Nous traversions toute la rue, jusqu’à la grande avenue pour aller acheter les zalamites et rendre la bouteille de lait en consigne.
Assis devant son magasin, sur la chaise en osier et l’éventail à la main, l’ipicié ne souriait jamais sinon qu’à ceux dont il pesait la commande par la grosseur du couffin.
Il grommelait à mon passage, visiblement insignifiant en flouses. Son regard d’aigle était malicieusement ensommeillé pour ne pas faire croire à sa vigilance.
Une fois entrés, on savait que M’hamed mettrait en marche ses yeux qu’il avait dans le dos et qu’il remarquerait la moindre batata en moins. Il avait une balance à poids dans le cerveau.
Mémoire d’un Oranais (18) : Tu es arabe, musulman, épicitou !
Pas de grandes discussions avec l’ipicié, il économisait ses mots comme il économisait ses sous. La parole n’est rentable qu’avec les gros couffins.
Alors il se faisait attendre, on ne sait jamais s’il pouvait vous arracher la dernière vente, le dernier espoir pour lui de rentabiliser la sieste que vous venez de lui gâcher.
Il s’approche du comptoir en bois aussi lourd que le trône du Dey d’Alger et prend avec dédain la bouteille de lait en consigne, en encaissant la nouvelle ainsi que les zalamites. Et pendant qu’il vous regardait d’un œil l’autre était dirigé vers la porte.
À peine avait-il rendu les quelques dourous de monnaie qu’il se précipite vers la porte en sortant son sourire commercial hilare, ses courbettes et ses chapelets de salamaleks.
Houari l’entrepreneur était rentré dans l’échoppe. Celui qui connaissait le coulounel et qui avait la première Mercedes du quartier.
Dès cet instant M’hamed était en transe, son tiroir-caisse allait danser. Sa nouvelle chachia qu’il allait s’acheter ferait pâlir de jalousie le commerçant d’en face, Sid ‘Ali.
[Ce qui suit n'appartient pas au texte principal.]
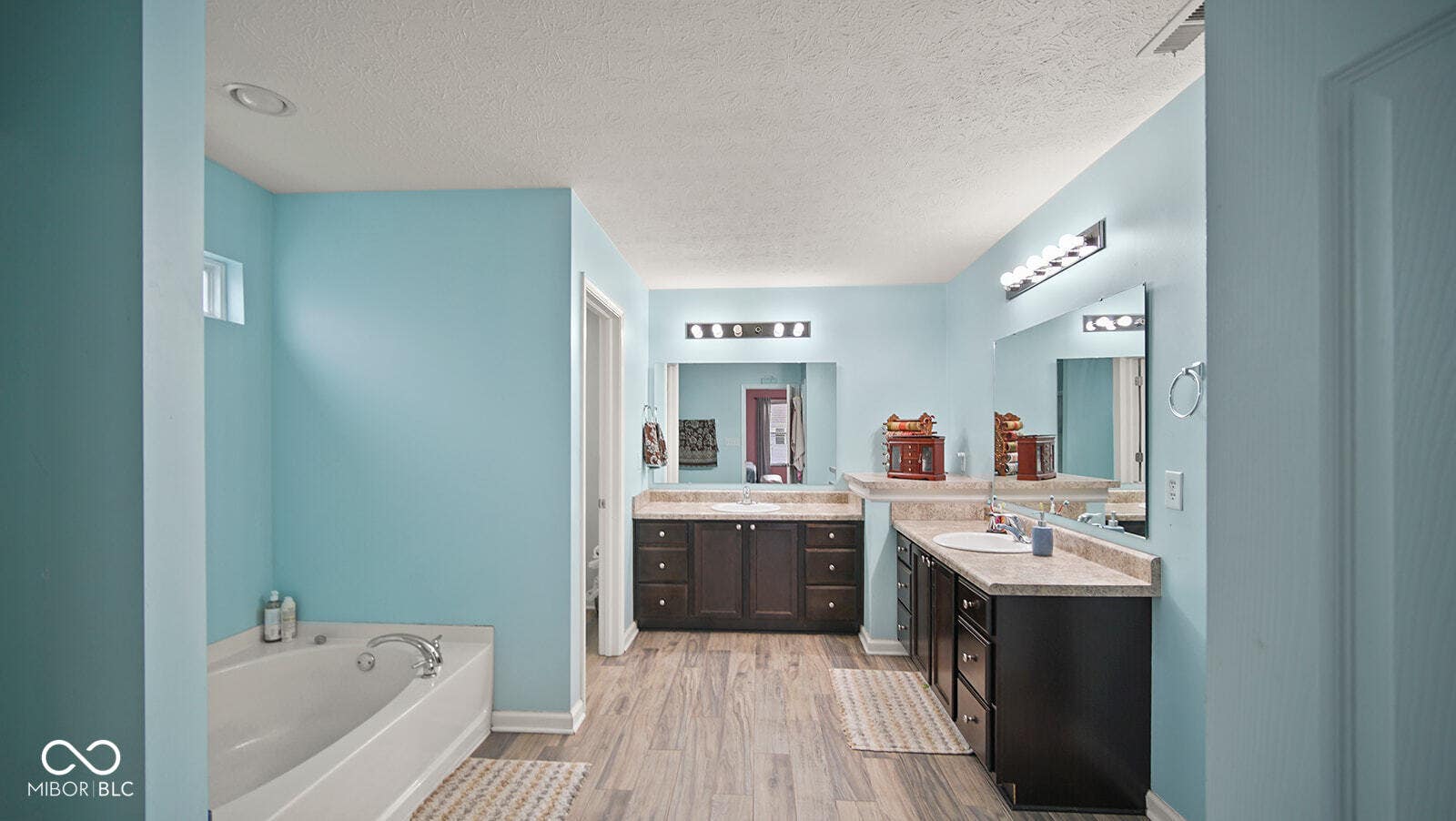full bathroom featuring a bath, a textured ceiling, wood finished floors, two vanities, and a sink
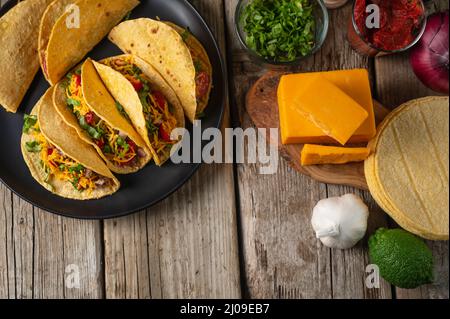 Draufsicht auf Teller mit leckeren mexikanischen Tacos auf rustikalem Holztisch mit Zutaten für das Kochen Hintergrund. Konzept der traditionellen Mahlzeit. Appetitliches Pho Stockfoto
L’ennemi, le traître et le voleur comme il le répétait souvent à ses clients pour les dissuader de ne pas y aller.
Quelques années plus tard, le magasin de M’hamed fut tristement déserté, c’est que la mairie avait fait construire un Souk el Fellah en face des Halles d’Oran.
Mais n’allez pas croire, M’hamed, dourou par dourou, couffin par couffin et après des milliers de courbettes avait fini par construire sa villa au village avec un énorme garage.
Pas stupide, M’hamed, les zalamites et la bouteille en consigne, c’est lui qui les produirait dorénavant.
Depuis des années j’ai recherché un éventail comme celui de M’hamed, celui qui lui apportait la fraîcheur et chassait les mouches lorsqu’il était assis à la porte du magasin.
Je ne l’ai jamais retrouvé, comme ma jeunesse dans le quartier de M’hamed l’ipicié.